Yes, You Can Have Deal-Breakers in Careers, Too — Here's How to Decide on Yours

Careers, like relationships, aren’t something to settle on. Knowing what you want –– and don’t want –– from a future job and employer is extremely important. No one wants to dread their day-to-day life or end up with a job that leaves you living for the weekends. Life’s too short! I’m a firm believer that your career shouldn’t feel like work. You should be passionate, motivated, and excited about what you do every day, or else what’s the point right?

It’s 2020 and it’s time to put you and your needs first. Think about what’s important for you to be happy and successful in your work. Prioritize your must-haves while also being aware of what you prefer because it’s okay to be a little selfish –– this is your career after all!

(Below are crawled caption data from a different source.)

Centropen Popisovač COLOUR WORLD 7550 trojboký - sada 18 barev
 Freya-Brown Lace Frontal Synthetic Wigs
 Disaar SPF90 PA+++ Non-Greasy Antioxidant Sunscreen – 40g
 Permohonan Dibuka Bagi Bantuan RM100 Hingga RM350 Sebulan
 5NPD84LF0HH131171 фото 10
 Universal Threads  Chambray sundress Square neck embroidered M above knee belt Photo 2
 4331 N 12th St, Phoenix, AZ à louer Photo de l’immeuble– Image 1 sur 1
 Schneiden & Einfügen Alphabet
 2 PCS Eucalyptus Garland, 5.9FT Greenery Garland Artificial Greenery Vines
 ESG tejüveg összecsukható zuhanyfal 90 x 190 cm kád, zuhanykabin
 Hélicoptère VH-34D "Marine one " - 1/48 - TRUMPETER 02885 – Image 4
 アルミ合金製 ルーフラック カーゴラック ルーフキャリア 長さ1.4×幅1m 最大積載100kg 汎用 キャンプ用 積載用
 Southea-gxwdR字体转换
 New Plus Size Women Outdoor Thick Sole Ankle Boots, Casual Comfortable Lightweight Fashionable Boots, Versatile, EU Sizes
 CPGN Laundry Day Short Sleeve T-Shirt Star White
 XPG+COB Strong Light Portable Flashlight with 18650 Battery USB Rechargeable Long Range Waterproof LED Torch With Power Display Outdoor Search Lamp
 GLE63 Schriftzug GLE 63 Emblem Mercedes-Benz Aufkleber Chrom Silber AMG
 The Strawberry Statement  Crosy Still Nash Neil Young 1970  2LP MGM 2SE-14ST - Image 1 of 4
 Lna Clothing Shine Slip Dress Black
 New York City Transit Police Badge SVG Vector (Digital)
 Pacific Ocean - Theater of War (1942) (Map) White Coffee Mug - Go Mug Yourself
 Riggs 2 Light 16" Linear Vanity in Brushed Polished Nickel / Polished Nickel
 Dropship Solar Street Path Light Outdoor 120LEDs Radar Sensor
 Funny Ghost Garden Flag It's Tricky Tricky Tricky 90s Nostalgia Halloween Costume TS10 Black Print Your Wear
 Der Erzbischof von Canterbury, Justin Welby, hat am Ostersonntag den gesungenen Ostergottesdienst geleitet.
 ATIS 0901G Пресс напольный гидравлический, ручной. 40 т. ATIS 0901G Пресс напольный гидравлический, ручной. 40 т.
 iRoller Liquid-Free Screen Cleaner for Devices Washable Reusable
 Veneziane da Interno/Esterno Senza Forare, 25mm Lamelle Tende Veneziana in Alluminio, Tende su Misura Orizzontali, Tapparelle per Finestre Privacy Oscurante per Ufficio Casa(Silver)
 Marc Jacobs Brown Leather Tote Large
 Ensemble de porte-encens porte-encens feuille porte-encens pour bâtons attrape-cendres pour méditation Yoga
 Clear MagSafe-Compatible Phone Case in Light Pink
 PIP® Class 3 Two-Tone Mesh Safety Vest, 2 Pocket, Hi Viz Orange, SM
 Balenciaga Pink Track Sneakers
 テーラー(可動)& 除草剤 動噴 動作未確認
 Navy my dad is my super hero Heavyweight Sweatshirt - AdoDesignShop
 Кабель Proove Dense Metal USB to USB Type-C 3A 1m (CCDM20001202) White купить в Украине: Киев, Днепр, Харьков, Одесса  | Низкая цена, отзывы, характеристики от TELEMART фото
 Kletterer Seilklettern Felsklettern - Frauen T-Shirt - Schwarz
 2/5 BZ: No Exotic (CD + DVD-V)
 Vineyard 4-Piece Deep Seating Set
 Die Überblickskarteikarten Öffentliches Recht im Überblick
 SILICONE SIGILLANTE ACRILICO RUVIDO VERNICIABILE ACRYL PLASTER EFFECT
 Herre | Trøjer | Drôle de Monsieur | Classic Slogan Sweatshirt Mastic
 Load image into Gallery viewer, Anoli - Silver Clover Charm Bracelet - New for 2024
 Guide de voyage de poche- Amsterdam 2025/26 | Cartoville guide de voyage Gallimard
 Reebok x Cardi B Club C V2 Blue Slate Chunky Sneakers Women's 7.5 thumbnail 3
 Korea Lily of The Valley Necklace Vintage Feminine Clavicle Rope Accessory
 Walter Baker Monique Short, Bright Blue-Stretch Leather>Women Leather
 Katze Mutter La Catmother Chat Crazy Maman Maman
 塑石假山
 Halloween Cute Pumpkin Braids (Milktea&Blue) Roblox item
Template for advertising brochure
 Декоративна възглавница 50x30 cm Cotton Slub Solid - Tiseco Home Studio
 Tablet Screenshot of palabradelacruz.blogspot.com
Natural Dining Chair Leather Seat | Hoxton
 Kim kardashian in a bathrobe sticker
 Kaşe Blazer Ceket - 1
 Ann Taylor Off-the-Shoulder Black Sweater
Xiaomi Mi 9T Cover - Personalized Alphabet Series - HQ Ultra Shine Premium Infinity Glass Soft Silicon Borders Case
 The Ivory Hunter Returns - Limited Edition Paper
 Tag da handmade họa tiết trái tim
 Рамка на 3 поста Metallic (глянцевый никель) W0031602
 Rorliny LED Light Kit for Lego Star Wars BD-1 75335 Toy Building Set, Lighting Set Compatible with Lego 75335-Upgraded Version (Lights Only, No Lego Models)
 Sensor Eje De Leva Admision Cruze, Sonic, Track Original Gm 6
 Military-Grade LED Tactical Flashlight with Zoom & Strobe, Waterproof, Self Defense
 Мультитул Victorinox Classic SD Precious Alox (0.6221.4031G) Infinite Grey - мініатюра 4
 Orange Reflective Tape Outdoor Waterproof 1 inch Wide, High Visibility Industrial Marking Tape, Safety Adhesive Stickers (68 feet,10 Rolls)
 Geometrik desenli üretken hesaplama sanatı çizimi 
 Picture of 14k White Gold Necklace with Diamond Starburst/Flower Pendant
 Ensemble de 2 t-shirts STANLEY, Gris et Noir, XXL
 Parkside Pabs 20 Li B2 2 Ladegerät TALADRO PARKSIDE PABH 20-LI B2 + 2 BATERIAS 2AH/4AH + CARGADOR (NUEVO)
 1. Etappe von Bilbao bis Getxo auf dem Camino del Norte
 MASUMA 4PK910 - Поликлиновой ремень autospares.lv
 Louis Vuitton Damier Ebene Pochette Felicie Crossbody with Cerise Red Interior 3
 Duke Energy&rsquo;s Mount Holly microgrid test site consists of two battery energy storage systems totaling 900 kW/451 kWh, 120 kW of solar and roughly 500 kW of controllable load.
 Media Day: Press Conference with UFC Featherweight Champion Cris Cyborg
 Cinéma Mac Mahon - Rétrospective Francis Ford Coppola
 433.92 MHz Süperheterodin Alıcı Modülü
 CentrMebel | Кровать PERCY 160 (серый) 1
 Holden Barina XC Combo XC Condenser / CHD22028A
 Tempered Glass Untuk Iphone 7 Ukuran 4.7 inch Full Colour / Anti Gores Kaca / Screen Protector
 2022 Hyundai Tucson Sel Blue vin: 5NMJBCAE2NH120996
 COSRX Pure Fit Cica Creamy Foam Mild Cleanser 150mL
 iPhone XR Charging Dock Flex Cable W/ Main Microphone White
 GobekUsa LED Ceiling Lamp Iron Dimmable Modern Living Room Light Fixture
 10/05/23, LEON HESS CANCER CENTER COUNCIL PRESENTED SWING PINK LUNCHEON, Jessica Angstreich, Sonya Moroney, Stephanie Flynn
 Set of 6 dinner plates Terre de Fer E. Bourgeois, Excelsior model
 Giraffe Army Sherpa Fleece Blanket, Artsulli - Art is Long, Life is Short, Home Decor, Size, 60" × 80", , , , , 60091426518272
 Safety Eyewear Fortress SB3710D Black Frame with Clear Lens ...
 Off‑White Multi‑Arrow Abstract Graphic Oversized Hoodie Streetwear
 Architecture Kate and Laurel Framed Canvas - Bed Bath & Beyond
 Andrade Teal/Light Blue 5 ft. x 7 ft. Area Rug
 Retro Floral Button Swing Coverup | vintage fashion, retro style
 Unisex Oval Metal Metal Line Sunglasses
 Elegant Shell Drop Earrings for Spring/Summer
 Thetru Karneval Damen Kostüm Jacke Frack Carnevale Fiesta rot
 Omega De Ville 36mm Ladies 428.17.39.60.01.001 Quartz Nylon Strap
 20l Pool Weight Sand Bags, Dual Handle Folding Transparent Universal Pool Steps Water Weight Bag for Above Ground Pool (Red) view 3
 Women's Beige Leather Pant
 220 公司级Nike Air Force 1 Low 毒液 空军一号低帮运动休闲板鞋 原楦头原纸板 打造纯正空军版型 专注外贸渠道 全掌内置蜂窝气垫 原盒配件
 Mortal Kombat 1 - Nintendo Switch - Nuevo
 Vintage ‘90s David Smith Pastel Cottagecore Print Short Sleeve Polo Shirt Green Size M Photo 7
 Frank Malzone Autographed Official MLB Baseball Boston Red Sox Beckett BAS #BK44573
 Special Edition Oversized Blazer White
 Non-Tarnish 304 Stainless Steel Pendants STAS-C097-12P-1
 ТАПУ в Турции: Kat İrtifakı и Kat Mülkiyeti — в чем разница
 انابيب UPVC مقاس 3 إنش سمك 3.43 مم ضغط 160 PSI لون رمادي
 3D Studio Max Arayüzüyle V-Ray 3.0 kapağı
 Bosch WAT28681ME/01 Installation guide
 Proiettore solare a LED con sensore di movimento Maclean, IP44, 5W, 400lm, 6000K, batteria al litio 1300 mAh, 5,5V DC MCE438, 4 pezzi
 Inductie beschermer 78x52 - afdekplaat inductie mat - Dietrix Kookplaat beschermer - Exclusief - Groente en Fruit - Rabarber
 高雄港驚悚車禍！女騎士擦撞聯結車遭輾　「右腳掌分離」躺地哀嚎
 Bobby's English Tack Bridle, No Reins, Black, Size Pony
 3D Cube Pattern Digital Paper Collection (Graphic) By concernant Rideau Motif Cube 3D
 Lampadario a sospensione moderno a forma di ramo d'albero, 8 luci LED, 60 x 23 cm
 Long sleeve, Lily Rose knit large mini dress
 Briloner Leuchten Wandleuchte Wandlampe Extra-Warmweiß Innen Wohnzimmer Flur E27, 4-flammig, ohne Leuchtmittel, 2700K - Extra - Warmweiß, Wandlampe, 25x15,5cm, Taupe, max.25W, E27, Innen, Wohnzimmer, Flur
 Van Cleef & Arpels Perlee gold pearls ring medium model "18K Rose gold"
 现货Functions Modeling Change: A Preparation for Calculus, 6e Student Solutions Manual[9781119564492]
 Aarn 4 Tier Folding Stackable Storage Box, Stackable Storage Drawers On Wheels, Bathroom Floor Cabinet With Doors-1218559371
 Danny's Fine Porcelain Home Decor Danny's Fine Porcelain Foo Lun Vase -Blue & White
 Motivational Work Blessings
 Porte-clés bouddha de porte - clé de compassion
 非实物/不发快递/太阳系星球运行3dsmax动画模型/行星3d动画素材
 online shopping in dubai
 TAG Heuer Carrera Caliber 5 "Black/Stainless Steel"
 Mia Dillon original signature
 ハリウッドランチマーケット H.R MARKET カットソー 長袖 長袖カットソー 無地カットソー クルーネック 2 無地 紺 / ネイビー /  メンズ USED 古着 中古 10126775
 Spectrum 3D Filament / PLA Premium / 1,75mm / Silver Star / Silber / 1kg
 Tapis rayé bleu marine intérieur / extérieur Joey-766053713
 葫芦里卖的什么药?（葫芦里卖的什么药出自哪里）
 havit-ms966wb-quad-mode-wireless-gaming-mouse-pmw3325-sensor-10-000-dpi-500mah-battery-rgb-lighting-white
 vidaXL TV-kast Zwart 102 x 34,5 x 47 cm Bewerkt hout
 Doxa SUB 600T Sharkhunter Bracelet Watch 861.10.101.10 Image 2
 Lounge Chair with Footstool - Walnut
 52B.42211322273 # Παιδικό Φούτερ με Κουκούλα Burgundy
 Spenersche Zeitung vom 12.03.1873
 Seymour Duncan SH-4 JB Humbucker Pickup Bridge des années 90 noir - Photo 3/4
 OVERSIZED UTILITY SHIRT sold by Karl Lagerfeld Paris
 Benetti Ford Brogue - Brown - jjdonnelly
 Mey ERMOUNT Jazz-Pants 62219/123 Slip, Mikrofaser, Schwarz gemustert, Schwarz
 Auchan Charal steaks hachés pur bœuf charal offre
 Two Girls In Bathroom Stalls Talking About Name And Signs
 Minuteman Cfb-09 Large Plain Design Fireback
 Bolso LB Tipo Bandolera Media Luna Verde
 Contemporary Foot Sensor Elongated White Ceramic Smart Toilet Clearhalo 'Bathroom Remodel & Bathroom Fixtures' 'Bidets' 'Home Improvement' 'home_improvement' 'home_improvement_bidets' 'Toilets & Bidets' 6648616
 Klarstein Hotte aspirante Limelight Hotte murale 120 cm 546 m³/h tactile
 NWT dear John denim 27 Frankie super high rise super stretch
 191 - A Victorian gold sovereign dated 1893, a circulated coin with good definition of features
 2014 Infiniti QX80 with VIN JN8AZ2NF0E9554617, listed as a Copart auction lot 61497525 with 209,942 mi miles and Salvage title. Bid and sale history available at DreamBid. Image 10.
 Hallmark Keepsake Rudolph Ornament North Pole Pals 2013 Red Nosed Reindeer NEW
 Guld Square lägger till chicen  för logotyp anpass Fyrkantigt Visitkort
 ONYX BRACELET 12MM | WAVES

Why it’s important to prioritize

Priorities are your best friend. They are the key to really knowing yourself. If you can take a pen to paper and list out what’s most important and valuable to you, then nothing can get in your way. Job hunting can be an overwhelming and intimidating process (trust me, you’re not alone), making prioritizing a necessity for every job hunter.

There are so many factors to consider but fear not, I’m going to break down all the steps you can take in order to curate a personal list of career priorities –– and deal-breakers –– to get you feeling as confident and prepared as possible.

What’s your ideal work environment?

Another firm belief I hold is that your environment heavily affects your level of productivity, as well as (and arguably more important) your mood. You can’t do incredible work operating under a negative, unhappy mindset. This might sound odd but go back to the basics. In what kind of atmosphere do you feel most motivated and inspired? Where do you get your best work done, whether that be for school or business?

Do you see yourself at a desk job working a 9-5? Do you thrive off of travel? Do you need to be in the hub of a city? All these questions are to get you thinking about where you see yourself working. You can’t begin the job search until you know, on a basic level, where you want to be.

Location, location, location

Canal Street Station Signage

Now that you know the type of environment you want to operate under, it’s time to narrow in on a location. Some things to consider in terms of geography are transportation, commute times, weather, and lifestyle.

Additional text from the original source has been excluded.